The working principle of the spherical double-layer spiral packing of the utility model is that the outer keel frame-shaped packing 1 is fixed relative to the tower body, and the gas medium passes through the grid-shaped frame and contacts with the inner spherical spiral packing 2 . The inner spherical spiral packing 2 can freely suspend and float in the reserved space in the outer keel frame packing 1, and both inner and outer packings can play the role of gas-liquid mass transfer. The thread texture 21 on the inner spherical spiral packing 2 effectively increases the specific surface area of the packing, and at the same time, the fluid flows between the spiral textures on the packing surface, which can effectively prevent short circuit. Under the two-way impact of gas and liquid, the packing keeps turbulent, disturbing, jumping, and churning in the reserved space, so that the gas and liquid can fully and repeatedly contact in the dynamic packing, thereby greatly improving the mass transfer effect.

Claims (7)

1. a spherical double-layer spiral filler, is characterized in that, comprises outer keel frame shape filler and internal layer spherical spiral filler, and described internal layer spherical spiral filler is the spheroid of surface with spiral grain, and freely can suspend movement in outer keel frame shape filler.

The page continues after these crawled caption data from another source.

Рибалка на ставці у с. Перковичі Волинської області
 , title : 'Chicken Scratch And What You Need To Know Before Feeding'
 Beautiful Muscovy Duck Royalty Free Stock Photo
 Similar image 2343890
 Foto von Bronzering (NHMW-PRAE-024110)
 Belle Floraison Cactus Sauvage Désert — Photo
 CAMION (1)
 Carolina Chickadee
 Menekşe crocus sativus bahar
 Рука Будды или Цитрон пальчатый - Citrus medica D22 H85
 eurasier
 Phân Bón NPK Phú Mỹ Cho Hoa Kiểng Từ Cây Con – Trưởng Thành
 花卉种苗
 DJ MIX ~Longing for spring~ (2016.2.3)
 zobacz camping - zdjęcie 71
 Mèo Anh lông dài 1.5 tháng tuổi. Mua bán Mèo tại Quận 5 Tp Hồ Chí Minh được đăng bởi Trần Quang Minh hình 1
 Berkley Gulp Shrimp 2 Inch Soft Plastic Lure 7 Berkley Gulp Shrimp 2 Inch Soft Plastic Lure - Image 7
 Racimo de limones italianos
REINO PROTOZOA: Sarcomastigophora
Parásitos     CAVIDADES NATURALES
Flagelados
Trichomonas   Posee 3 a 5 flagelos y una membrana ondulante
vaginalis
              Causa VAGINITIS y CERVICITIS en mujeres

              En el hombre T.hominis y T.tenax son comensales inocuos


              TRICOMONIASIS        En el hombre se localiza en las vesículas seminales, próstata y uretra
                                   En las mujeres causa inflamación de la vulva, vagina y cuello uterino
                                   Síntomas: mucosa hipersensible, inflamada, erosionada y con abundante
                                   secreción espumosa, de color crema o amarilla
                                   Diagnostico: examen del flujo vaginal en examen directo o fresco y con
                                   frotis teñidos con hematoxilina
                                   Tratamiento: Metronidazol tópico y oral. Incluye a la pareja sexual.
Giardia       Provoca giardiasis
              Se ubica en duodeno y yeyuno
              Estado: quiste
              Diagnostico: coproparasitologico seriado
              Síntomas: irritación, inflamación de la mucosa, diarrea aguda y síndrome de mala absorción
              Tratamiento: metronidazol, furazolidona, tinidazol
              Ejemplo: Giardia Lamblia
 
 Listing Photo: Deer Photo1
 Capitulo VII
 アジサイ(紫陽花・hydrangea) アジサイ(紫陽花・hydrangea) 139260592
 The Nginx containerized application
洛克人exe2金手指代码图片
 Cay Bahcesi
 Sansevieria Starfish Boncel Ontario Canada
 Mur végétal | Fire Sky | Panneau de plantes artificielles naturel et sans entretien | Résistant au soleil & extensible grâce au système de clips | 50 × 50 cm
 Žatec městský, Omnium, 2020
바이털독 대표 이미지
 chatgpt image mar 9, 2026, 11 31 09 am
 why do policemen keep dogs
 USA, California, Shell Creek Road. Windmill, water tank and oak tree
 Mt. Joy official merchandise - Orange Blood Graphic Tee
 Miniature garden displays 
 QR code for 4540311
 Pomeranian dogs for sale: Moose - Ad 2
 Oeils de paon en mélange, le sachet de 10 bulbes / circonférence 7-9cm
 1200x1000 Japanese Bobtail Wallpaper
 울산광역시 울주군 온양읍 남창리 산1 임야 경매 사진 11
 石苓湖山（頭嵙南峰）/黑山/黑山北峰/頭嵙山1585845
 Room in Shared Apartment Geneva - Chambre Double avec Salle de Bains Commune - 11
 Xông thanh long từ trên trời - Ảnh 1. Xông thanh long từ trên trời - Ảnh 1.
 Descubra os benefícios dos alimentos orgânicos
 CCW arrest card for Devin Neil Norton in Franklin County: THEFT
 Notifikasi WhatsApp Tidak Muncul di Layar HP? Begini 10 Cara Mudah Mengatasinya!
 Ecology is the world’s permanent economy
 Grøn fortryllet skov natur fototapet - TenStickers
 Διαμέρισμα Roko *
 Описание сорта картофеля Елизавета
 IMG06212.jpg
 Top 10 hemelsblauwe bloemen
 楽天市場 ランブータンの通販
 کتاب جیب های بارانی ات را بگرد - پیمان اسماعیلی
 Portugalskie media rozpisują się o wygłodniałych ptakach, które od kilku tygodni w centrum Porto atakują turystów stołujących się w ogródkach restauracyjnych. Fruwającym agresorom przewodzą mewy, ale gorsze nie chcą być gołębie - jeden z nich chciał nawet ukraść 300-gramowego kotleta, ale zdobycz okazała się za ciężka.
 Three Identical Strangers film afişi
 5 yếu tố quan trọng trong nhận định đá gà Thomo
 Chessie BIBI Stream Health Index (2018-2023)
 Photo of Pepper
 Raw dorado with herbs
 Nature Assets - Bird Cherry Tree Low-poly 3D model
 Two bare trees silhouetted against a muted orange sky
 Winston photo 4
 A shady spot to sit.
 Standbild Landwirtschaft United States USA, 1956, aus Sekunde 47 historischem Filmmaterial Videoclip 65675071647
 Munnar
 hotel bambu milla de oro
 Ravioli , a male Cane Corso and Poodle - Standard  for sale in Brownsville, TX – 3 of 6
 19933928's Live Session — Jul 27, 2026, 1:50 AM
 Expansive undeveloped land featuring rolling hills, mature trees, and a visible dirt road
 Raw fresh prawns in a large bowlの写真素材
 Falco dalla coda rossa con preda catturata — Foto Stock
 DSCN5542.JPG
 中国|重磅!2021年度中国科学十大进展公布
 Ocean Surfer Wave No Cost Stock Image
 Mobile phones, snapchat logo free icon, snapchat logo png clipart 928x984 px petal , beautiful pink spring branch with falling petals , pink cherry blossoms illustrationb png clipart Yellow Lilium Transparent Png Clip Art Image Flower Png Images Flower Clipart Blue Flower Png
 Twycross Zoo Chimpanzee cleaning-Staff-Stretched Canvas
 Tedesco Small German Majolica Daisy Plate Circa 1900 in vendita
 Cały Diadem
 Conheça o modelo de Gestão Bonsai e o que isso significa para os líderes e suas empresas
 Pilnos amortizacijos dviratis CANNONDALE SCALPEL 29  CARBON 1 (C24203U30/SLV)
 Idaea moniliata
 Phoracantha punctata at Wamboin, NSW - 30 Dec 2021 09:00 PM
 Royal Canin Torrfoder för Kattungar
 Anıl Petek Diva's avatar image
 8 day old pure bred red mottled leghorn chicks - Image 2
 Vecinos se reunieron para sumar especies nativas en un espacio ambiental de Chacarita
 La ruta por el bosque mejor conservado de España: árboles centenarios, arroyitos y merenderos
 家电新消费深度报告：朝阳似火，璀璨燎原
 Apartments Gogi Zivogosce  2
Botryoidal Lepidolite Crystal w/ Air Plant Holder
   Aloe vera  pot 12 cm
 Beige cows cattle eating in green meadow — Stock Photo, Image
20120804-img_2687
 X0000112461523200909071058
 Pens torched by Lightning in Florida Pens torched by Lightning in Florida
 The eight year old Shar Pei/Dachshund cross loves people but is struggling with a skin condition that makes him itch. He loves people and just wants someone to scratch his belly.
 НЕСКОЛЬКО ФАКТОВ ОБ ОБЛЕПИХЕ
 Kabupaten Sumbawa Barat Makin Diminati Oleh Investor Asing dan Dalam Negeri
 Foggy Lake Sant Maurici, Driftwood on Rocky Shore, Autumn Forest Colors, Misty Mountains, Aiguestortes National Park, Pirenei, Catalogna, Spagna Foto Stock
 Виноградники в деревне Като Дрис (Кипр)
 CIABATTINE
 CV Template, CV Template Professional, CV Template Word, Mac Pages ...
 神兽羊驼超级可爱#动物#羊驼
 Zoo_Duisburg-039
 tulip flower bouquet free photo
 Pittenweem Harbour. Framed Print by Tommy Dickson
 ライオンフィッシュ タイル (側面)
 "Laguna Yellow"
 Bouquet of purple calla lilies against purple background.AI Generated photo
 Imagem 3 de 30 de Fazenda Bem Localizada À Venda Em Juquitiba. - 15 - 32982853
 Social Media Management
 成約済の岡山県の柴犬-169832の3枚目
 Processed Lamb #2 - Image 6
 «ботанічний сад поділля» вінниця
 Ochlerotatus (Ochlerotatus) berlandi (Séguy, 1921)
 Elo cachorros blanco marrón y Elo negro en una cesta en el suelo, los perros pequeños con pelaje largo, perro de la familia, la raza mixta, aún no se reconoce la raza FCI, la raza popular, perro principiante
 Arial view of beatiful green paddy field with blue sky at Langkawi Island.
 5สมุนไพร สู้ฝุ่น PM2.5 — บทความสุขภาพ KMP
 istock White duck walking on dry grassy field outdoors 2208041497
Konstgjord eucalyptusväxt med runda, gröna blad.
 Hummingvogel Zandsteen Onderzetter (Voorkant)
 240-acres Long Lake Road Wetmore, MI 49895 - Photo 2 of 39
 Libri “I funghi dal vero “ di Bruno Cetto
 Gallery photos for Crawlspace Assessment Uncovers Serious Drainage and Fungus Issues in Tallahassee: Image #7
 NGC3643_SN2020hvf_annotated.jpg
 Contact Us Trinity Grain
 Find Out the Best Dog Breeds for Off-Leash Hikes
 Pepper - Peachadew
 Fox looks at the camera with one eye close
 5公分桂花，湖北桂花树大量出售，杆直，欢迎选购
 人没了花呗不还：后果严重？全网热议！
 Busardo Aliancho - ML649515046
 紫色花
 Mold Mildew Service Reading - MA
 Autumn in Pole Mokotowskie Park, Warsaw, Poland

2. the spherical double-layer spiral filler of one according to claim 1, is characterized in that, described outer keel frame shape filler is the spherical frame filler with fenestral fabric, and spherical frame is made up of at least 3 road horizontal bars and multiple tracks stud.

3. the spherical double-layer spiral filler of one according to claim 2, is characterized in that, described outer keel frame has detachable structure, is split as 2 hemisphere along middle horizontal bar, and the buckle structure by middle horizontal bar is arranged carries out connection combination.

4. the spherical double-layer spiral filler of one according to claim 1, is characterized in that, the material of described outer keel frame shape filler is plastics.

5. the spherical double-layer spiral filler of one according to claim 1, is characterized in that, described internal layer spherical spiral filler is the hollow ball that surface has spiral grain, and spiral grain is evenly arranged between two symmetrical summits of spheroid, and shape is identical with rotation direction.

6. the spherical double-layer spiral filler of one according to claim 5, is characterized in that, the gash depth of described spiral grain is 1/20 ~ 1/10 of spheroid external diameter.

7. the spherical double-layer spiral filler of one according to claim 1, is characterized in that, the material of described internal layer spherical spiral filler is plastics.